[Scraped caption text data]

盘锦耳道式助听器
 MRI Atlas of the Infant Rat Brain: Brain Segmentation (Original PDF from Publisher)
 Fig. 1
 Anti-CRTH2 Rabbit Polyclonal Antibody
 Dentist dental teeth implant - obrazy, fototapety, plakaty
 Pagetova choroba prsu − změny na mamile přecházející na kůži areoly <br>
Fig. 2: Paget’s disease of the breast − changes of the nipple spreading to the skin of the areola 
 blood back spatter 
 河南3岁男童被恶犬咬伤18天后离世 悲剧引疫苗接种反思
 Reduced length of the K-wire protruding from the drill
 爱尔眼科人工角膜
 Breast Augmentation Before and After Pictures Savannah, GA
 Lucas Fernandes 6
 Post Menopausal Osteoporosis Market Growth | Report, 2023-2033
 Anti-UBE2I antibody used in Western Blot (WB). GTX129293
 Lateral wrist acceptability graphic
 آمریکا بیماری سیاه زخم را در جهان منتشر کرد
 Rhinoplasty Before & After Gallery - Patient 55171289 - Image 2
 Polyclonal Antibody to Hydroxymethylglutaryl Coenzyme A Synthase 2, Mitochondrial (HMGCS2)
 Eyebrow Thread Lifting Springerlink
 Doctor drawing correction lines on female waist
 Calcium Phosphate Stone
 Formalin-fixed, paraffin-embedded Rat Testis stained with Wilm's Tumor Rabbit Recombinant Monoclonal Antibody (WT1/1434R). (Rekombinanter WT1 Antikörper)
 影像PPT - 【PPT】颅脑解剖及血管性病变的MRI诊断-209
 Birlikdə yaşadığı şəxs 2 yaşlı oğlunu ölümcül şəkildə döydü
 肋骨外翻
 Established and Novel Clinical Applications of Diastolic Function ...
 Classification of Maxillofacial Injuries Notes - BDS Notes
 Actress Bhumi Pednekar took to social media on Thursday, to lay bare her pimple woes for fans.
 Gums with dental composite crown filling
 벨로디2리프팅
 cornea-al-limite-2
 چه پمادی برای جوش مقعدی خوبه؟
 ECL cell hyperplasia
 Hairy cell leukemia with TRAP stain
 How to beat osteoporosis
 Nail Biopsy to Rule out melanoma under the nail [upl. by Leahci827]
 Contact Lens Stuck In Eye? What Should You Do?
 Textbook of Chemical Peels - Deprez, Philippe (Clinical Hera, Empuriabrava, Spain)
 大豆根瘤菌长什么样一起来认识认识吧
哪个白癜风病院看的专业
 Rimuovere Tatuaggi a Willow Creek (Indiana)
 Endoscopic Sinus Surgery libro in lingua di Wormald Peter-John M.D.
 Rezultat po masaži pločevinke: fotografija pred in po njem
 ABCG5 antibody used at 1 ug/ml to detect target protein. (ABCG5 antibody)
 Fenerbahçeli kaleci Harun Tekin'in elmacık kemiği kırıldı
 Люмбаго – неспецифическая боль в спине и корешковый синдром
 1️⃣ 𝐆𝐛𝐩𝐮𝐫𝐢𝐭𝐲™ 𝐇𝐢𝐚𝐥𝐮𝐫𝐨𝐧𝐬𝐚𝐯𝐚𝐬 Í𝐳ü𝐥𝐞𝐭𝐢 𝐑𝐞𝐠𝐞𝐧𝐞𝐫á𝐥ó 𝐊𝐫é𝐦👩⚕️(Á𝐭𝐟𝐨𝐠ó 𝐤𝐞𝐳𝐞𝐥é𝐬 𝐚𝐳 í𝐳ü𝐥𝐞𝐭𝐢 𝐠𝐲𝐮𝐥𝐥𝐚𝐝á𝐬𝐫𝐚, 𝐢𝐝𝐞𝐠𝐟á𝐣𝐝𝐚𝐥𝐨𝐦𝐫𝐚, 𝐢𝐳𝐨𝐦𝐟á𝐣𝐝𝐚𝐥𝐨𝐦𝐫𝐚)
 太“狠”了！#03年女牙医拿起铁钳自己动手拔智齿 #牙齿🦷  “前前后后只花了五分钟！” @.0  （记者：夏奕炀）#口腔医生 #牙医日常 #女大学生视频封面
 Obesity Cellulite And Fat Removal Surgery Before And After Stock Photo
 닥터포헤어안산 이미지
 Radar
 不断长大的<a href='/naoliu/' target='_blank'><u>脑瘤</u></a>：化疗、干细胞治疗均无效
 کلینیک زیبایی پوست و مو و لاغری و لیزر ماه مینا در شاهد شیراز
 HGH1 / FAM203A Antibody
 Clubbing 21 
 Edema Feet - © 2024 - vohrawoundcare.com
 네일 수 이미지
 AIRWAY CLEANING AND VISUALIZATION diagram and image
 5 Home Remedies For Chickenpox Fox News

Problem description ->
Only the lines above from the line with "Post Menopausal Osteoporosis" to the line with "Calcium Phosphate Stone", those two lines included, should be reproduced exactly.

The answer ->
 Post Menopausal Osteoporosis Market Growth | Report, 2023-2033
 Anti-UBE2I antibody used in Western Blot (WB). GTX129293
 Lateral wrist acceptability graphic
 آمریکا بیماری سیاه زخم را در جهان منتشر کرد
 Rhinoplasty Before & After Gallery - Patient 55171289 - Image 2
 Polyclonal Antibody to Hydroxymethylglutaryl Coenzyme A Synthase 2, Mitochondrial (HMGCS2)
 Eyebrow Thread Lifting Springerlink
 Doctor drawing correction lines on female waist
 Calcium Phosphate Stone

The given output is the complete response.